WHAT IS BEING ASKED:
Copy out the full listing exactly, omitting any picture it contains.

*** SOURCE MATERIAL Section Begins ***

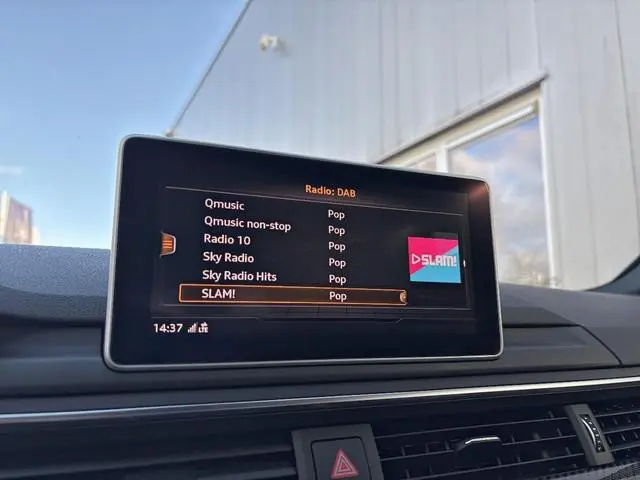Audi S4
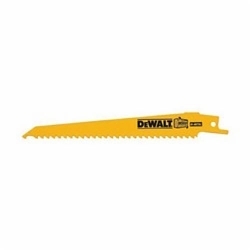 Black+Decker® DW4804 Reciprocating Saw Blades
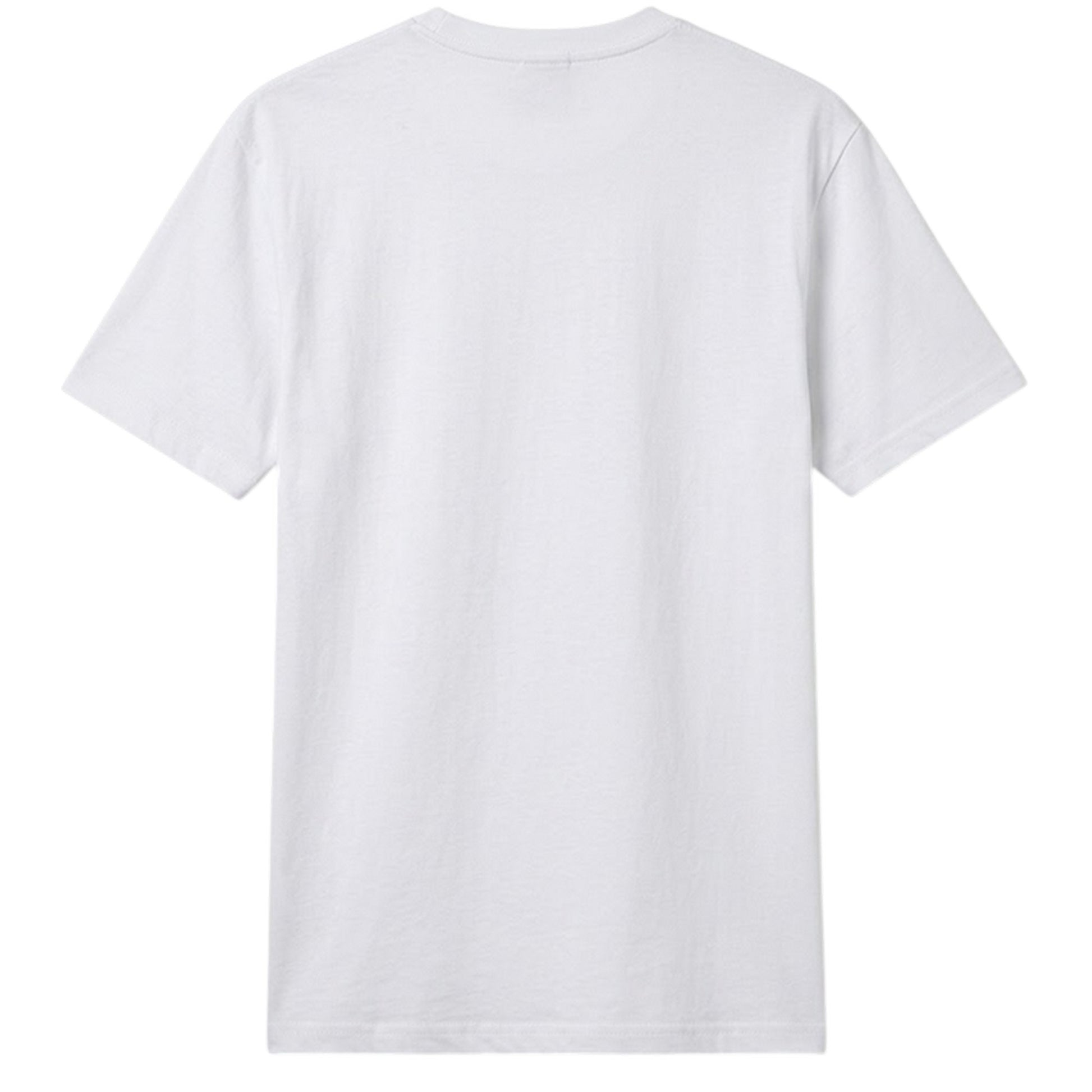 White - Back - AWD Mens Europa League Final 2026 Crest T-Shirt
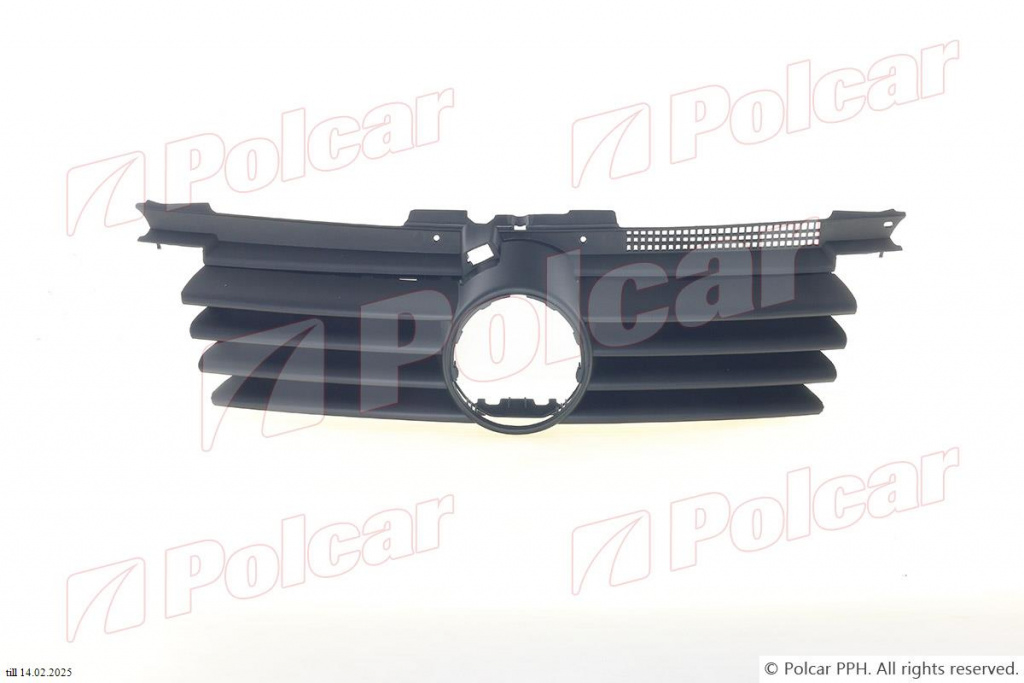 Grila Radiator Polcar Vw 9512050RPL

*** SOURCE MATERIAL Section Ends ***

EXERCISE SOLUTION:
Audi S4
 Black+Decker® DW4804 Reciprocating Saw Blades
 White - Back - AWD Mens Europa League Final 2026 Crest T-Shirt
 Grila Radiator Polcar Vw 9512050RPL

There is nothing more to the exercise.